McKibbens: It was a much easier problem physically because the ozone depleting chemicals were a minor part, not the major part of our economy. And it was a much easier task politically because the industry in question the big chemical companies after a couple of years of the same kind of perverse and evil resistance decided that they could make money selling the alternatives, the various substitutes that have done all the jobs that we needed doing.

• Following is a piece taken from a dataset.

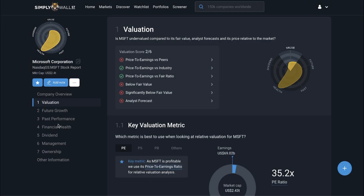Hello and welcome to the new Simply Wall Street valuation section. We've had this live on the platform for a few months now and we wanted to do a walkthrough on how to use this section of the company report. For a quick overview, it's worth pointing out that of the six checks we do here, three revolve around relative valuation techniques and three revolve around intrinsic valuation techniques.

Now, the fossil fuel industry could have made the same calculation. They could have said, you know what? Since we know that this is killing us off, this fossil fuel, we better take our amazing cashflow and turn it very quickly into solar panels and wind turbines. And had they done that, they'd be in an important position in our energy economy going forward and we'd be much better off. They didn't do it because though they could have made plenty of money selling solar panels, they couldn't make as much money as they did selling oil. And the reason is obvious: once you've put the solar panels up on the roof, the sun sends you the energy for free. If you're Exxon and you've been used to everybody paying you a bill every month for oil for a hundred years, that seems like a stupid business model. And so they did everything they could to delay the advent of that business model.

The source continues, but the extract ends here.